After successful completion of this module, you will be able to:

  • Find and interpret equation of a straight line in various forms.

  • Perform slope calculations including parallel and perpendicular lines.

Slope of a Straight Line

\[\begin{aligned} \mathrm{Slope \ of \ a \ straight \ line} &= \frac{Rise}{Run} \\&= \large \frac{\Delta y}{\Delta x} \\&= \frac{y_{2}-y_{1}}{x_{2}-x_{1}} \end{aligned}\]

Slope
Slope Intercept Equation

\[y = mx + b\]

where m = slope and b = y-intercept

Video Explanation- Straight Lines
Solved Example- AAA-01

Given the slope-intercept form of a line as y = mx + b, which one of the following is true?

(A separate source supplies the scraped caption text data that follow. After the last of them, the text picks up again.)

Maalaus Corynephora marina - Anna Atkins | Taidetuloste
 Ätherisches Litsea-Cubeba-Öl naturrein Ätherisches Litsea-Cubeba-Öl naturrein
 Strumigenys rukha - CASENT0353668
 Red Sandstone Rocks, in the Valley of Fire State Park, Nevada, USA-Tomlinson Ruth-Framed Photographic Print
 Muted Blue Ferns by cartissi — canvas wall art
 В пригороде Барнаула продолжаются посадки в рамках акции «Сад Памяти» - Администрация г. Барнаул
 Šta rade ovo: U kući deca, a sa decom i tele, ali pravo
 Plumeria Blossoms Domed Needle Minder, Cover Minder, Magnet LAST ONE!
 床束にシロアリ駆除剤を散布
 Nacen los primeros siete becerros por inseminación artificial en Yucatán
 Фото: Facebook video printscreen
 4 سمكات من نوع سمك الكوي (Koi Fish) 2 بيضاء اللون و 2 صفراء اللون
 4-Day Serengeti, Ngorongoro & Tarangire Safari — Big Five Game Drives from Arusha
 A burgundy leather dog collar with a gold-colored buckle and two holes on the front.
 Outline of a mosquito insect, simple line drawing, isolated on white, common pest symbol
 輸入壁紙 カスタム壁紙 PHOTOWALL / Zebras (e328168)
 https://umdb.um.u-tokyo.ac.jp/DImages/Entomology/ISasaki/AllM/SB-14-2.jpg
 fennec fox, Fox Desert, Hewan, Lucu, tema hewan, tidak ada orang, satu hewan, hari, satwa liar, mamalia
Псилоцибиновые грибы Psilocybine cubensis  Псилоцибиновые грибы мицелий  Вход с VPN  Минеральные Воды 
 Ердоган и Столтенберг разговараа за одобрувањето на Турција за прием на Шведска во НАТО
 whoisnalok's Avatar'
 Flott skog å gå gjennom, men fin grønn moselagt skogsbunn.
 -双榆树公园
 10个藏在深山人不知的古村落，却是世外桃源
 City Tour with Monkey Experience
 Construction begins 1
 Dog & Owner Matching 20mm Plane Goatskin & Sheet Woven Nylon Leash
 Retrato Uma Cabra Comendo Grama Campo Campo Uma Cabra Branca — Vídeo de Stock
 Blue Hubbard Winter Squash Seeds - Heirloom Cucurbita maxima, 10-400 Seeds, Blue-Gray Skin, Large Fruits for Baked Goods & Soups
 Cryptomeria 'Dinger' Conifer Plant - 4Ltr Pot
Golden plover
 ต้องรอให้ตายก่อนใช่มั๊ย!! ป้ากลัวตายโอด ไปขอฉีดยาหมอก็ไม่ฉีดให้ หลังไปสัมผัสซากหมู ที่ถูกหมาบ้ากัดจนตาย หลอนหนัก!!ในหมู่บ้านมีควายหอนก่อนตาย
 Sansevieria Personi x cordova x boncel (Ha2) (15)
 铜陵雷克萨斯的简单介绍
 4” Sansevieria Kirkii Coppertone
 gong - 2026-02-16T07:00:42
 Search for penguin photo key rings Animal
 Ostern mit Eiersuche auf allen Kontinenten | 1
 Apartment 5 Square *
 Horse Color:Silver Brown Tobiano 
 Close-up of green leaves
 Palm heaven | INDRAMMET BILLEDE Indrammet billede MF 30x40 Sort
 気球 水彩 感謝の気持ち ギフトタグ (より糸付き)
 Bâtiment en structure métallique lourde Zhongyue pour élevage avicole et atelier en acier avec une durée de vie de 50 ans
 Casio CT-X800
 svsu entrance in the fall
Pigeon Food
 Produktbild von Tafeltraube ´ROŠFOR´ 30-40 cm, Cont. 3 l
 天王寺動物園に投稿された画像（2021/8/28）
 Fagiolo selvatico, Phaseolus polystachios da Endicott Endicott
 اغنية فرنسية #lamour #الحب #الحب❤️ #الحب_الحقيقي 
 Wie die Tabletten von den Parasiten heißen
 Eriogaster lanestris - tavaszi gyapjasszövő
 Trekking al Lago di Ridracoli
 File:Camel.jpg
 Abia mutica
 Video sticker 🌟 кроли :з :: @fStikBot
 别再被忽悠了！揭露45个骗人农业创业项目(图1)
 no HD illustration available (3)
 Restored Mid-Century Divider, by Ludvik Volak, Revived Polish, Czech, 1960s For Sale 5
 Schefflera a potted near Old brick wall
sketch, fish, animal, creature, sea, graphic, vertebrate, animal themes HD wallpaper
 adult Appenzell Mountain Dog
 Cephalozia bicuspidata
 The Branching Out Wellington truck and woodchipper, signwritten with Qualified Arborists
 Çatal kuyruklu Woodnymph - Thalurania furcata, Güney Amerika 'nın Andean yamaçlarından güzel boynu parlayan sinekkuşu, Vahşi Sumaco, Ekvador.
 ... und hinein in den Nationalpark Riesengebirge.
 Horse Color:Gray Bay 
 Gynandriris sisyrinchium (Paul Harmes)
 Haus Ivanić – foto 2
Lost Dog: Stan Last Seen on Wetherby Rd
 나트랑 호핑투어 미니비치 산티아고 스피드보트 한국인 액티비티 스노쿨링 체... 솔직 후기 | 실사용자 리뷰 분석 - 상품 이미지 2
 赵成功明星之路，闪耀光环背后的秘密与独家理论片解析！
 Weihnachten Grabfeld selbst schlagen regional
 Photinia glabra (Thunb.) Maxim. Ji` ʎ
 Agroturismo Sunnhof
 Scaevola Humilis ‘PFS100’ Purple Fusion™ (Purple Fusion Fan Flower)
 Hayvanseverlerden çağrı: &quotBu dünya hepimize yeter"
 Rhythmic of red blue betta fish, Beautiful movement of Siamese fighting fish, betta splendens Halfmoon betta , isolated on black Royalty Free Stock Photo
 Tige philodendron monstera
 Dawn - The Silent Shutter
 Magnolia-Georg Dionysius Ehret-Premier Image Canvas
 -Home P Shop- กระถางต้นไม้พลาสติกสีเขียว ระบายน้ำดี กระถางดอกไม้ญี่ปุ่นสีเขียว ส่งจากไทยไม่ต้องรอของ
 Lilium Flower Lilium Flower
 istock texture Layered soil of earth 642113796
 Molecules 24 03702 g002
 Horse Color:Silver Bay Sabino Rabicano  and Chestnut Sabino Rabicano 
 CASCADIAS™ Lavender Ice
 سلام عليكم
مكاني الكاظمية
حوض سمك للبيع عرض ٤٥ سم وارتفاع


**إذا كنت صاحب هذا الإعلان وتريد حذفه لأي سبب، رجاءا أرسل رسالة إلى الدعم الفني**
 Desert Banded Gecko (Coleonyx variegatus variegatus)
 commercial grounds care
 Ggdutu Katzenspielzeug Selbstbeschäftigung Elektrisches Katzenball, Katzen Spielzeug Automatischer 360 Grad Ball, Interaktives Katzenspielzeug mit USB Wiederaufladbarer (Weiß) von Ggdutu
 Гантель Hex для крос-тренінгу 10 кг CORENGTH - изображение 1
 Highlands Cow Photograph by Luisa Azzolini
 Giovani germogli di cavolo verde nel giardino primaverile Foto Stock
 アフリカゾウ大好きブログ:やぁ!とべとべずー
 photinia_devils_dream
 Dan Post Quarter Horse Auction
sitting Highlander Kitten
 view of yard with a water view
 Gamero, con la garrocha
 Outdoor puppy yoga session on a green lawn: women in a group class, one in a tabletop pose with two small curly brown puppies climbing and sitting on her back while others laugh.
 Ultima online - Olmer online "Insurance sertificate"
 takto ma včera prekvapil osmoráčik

  1. \(\dfrac{m}{b}\) is the y axis intercept

  2. b is the x axis intercept

  3. y - b is the slope of the line

  4. -\((\dfrac{b}{m})\) is the x axis intercept

Solution:
For the straight line y = mx + b, m is the slope and b is the y-intercept. To get x-intercept, we will have to substitute y=0: \[\begin{aligned} y &= mx + b\\ 0 &= mx + b\\ \dfrac{-b}{m} &= x\end{aligned}\] Ans: D

Slope-Point Equation

\[y - y_{1} = m (x - x_{1})\]

where \( x_{1}\) and \( y_{1}\) are the coordinates of the point through which the line passes.

Double Intercept Equation

\[\displaystyle \large \dfrac{x}{a}+\frac{y}{b} = 1\]

where a = x intercept and b = y intercept

Parallel Lines

For parallel lines slopes are equal i.e. \(\large m_{1} = m_{2}\)

Perpendicular Lines

For perpendicular lines \(\large m_{1} * m_{2}\) = -1

Angle between Lines

Angle between two straight lines is given by:

\[\large \alpha = \tan^{-1}\left(\dfrac{m_{2}-m_{1}}{1+ m_{1}m_{2}}\right)\]

Solved Example- AAA-02- Angle between Lines
  • The angle between lines 2x- 9y + 16=0 and x + 4y + 5 = 0 is given by:

    1. \(\tan^{-1}\left( \dfrac{2}{9}\right)\)

    2. \(\tan^{-1}\left( \dfrac{-1}{4} \right)\)

    3. \(\tan^{-1}\left( \dfrac{-1}{2} \right)\)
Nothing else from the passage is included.